Она оделась. "Ты хочешь, чтобы я ушла?" Он подал ей сумочку. "Но я тебя люблю, - сказала, - я тебя люблю методом исключения: то есть ты мне не нравишься, ты меня не понимаешь, я тебя не понимаю. Остается только одно, потому что, если не люблю, то что? Понимаешь?" - "Понимаю, но метод неправилен. Иди". Она вышла. И дальше уже за дверью был фон: холодильник, посудные ящики, спящий на горизонте Тоестьлстой. Она села на стул и стала частью фона.
Утром было солнце. При чем тут солнце. Можно сходить в магазин или у нас все есть? У нас все есть, кроме всего.
- Т.е., - сказала Ирра, - давай больше не попадаться Додостоевскому на глаза.
- Ты что с ним поссорилась? - спросил он.
- Можно оставить здесь все наши вещи, как будто мы здесь живем, а самим потихоньку уехать.
- А можно взять вещи, как будто мы уехали, а самим потихоньку здесь жить.
- Я сегодня уеду к маме, - сказала Ирра, - хорошо бы и ты тоже куда-нибудь уехал, а завтра мы уже встретимся, и уже долго-долго никуда не уедем.
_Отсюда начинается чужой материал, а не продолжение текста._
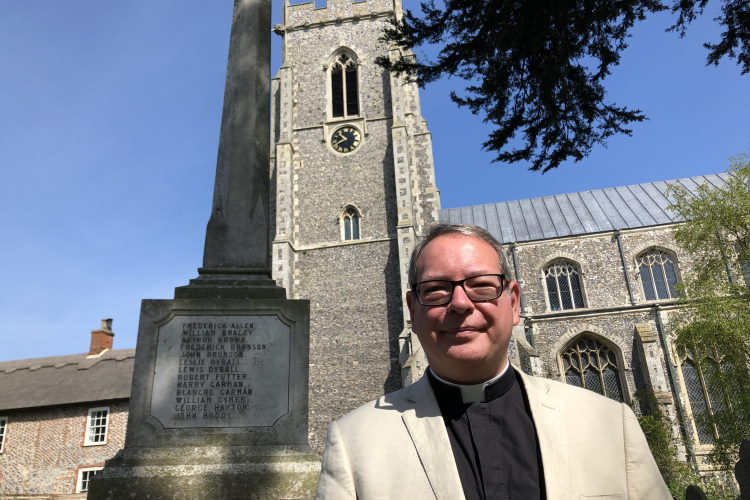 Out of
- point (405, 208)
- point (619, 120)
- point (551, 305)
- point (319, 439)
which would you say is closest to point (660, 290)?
point (551, 305)

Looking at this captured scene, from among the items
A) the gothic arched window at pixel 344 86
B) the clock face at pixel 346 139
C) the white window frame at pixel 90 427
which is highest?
the gothic arched window at pixel 344 86

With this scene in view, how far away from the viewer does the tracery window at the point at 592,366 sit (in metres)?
20.9

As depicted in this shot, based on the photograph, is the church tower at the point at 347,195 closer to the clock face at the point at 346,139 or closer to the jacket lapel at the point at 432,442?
the clock face at the point at 346,139

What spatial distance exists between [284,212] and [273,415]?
19.5 metres

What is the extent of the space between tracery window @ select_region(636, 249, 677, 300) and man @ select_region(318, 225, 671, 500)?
23920 millimetres

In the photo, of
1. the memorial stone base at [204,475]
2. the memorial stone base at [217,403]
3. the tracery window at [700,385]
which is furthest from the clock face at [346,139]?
the memorial stone base at [204,475]

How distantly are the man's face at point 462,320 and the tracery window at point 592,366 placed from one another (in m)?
20.9

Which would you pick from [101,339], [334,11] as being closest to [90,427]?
[101,339]

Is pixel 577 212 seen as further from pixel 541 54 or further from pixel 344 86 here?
pixel 541 54

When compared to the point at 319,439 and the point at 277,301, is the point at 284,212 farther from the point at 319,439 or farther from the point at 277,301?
the point at 277,301

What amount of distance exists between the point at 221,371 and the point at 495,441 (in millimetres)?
2710

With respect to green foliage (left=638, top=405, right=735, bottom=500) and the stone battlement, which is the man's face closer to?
green foliage (left=638, top=405, right=735, bottom=500)

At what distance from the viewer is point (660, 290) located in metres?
22.8

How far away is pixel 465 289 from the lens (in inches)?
66.7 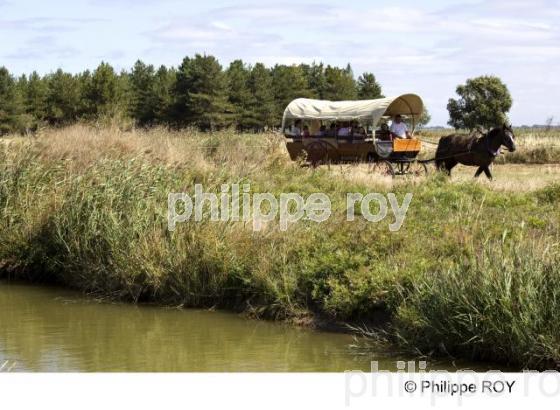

"Ну, и что же ты наврала Тоестьлстому?" - спросил Додостоевский. "Сказала, что поехала к матери". - "А матери что наврала?" - "Сказала, что поехала к Тоестьлстому". - "Ну а теперь мне что-нибудь наври". И наврала ему про первый и второй план. Что все-таки первый план порождает второй, а не наоборот. "Тоестьлстой появился только потому, что я тебя так сильно люблю", соврала она. Первый план - это не норма. Его нормальное состояние именно в его ненормальности. Она врала, что в первом плане не сидят, не говорят, не едят (может быть, очень сидят или очень говорят), не спят, а что? Получалось, что все, связанное с первым планом, - это не жизнь, а что? И дальше она стала врать, что иногда просто нужно нормально жить, и тогда возникает второй план, то есть кухня. То есть лстой. "Я его люблю, - врала она, - то есть с ним все нормально, но если я его люблю, то тогда тебя я не люблю, а что?" Она совсем завралась, сказав, что во втором плане возможны замены, а в первом - нет. Во втором плане одного человека легко заменить другим, несмотря на то, что Тоестьлстой не Пушкин, а другой, а Пушкин не Байрон, а другой. Во втором плане на вопрос: "Это кто такой?" - ответить можно. "Это кто такой?" - "Это Пушкин". - "А это кто такой?" - "Это Байрон". - "А это кто такой?" - "А это Тоестьлстой". Перед вами гора Орел, вы видите гору, похожую на орла. Перед вами картина "Портрет неизвестного молодого человека", на картине вы видите неизвестного молодого человека. Перед вами экскурсовод, вы видите дебильного экскурсовода. В первом плане, задав вопрос: "Это кто такой?", можно ответить: "А это Ирра не знает кто такой".
В том месте, где все было для красоты, красоты не было. "Зачем здесь кипарис?" - "Для красоты". - "А гора зачем?" - "Для красоты". Стол, диван, блочный дом были более натуральными, чем "кусок" моря и кипарис. Словно кипарис был искусственно сделан, а стол вырос сам по себе. Небо и гора были некрасивыми, когда были специально для красоты, но были красивыми, когда входили в интерьер жилого места. Ветер был красивым, если он был, и если он тоже входил в интерьер. Пальмы и сосны были некрасивыми, как на открытках. Южная природа именно для красоты и как бы знала, что она нравится, и поэтому не нравилась. Природа средней полосы - "средненькая", как бы не знала, что нравится, и, может поэтому нравилась.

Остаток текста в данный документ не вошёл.